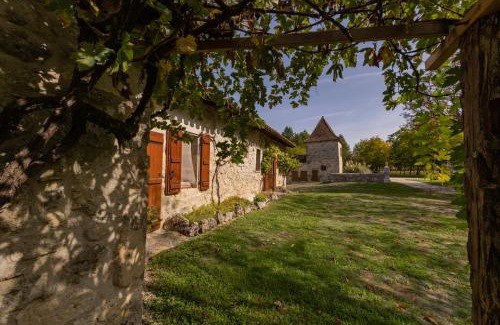 Nerac House | Gîtes de Pehillo - Piscine & vacances nature à Nérac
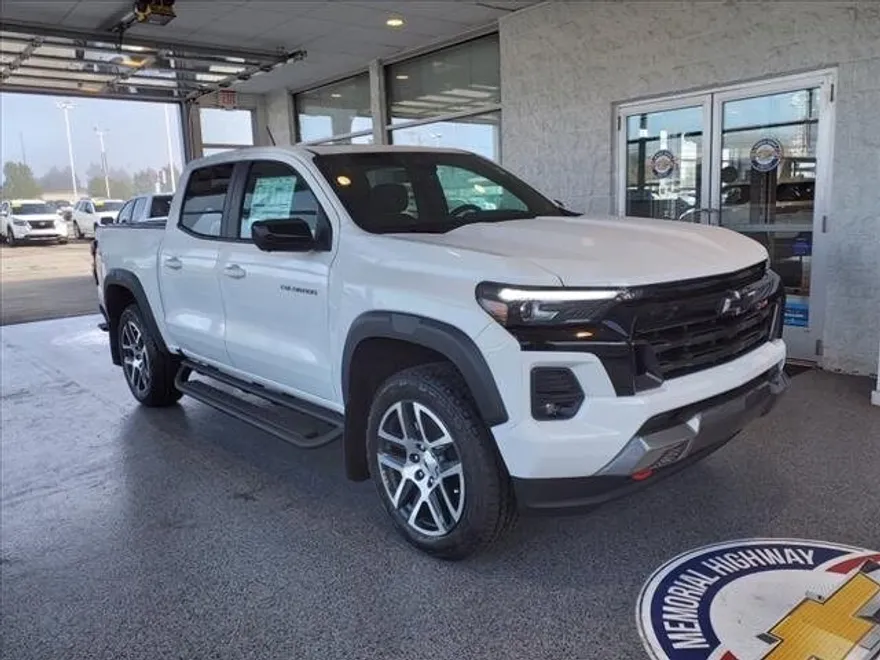 2024 Chevrolet Colorado Z71 photo 1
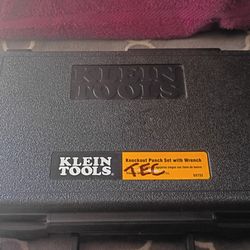 Klein tools knockout punch set new $200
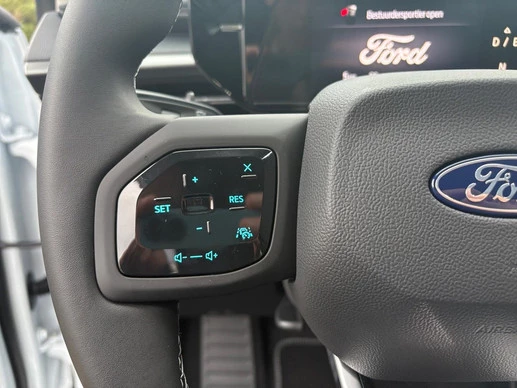 Ford Explorer - Afbeelding 18 van 28
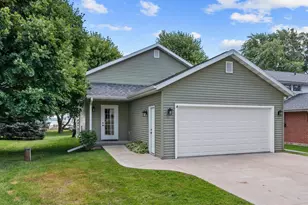 N8273 Cottage Dr, Fond du Lac, WI 54937 - Photo 1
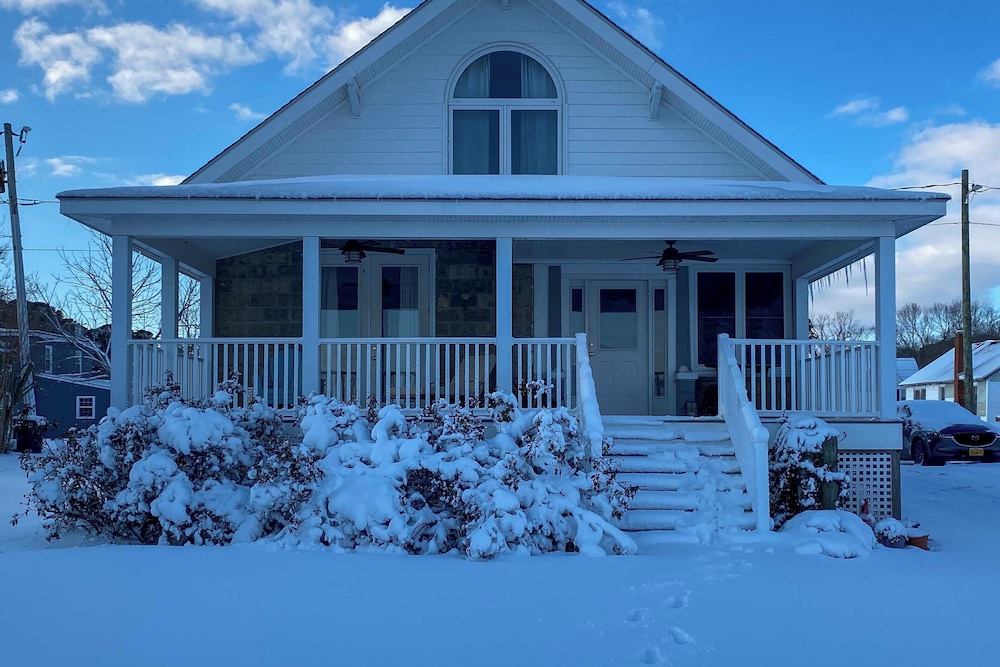 < 1 Mi to Boat Ramp: Coastal Virginia Hideaway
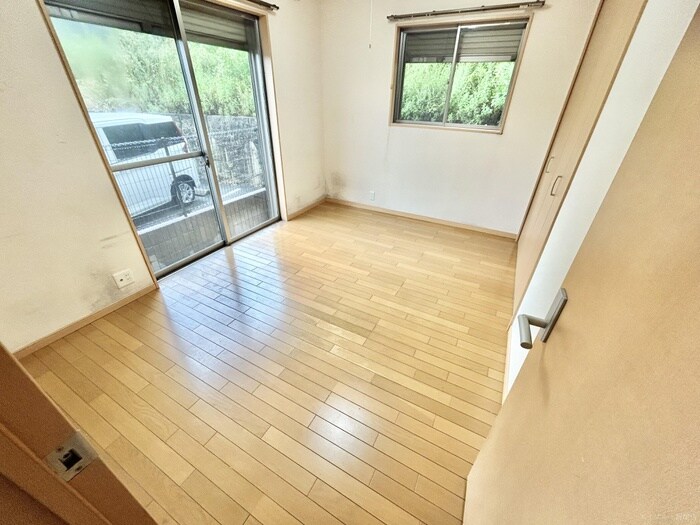 物件内観写真19　(居室)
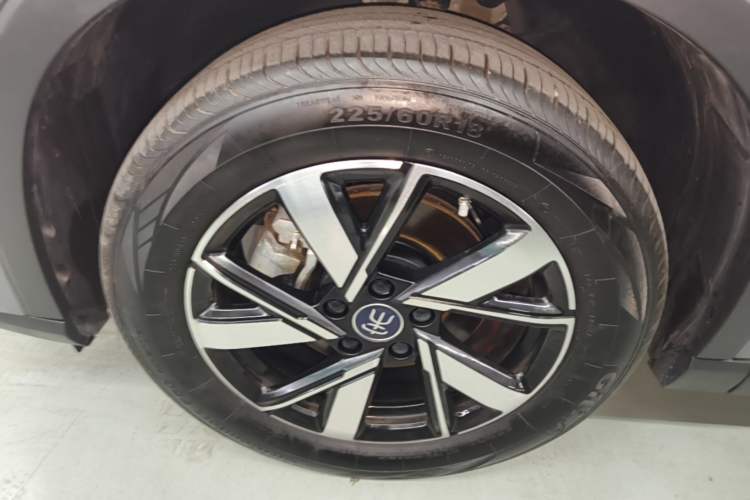 Used BYD Song Pro New Energy 2024 HONOR Edition DM-i 71KM Navigation Model Left Front Wheel Hub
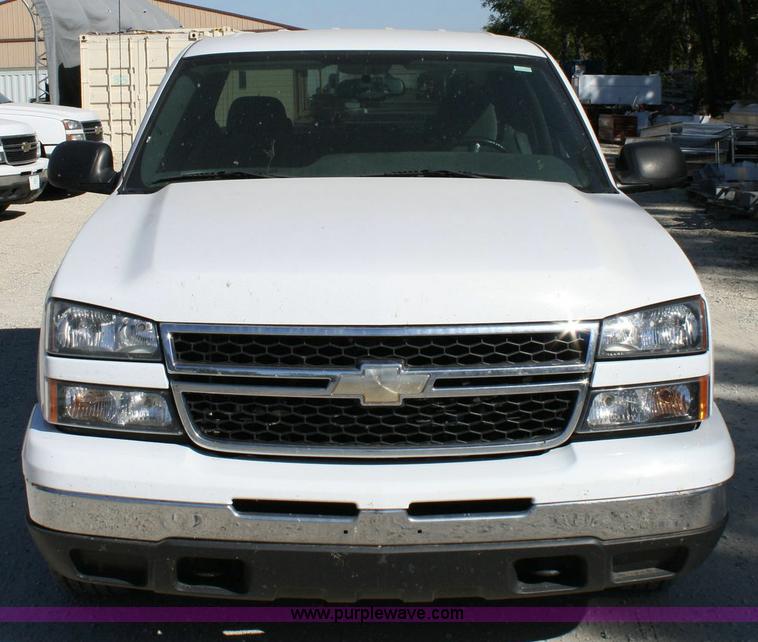 image for item 6521 2006 Chevrolet C1500 Silverado pickup truck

__What you need to do__
Only the lines from the one holding "Ford Explorer - Afbeelding 18 van 28" through the end of the data are to be printed, exactly as they stand and with no pictures.

__Solution to this problem__
 Ford Explorer - Afbeelding 18 van 28
 N8273 Cottage Dr, Fond du Lac, WI 54937 - Photo 1
 < 1 Mi to Boat Ramp: Coastal Virginia Hideaway
 物件内観写真19　(居室)
 Used BYD Song Pro New Energy 2024 HONOR Edition DM-i 71KM Navigation Model Left Front Wheel Hub
 image for item 6521 2006 Chevrolet C1500 Silverado pickup truck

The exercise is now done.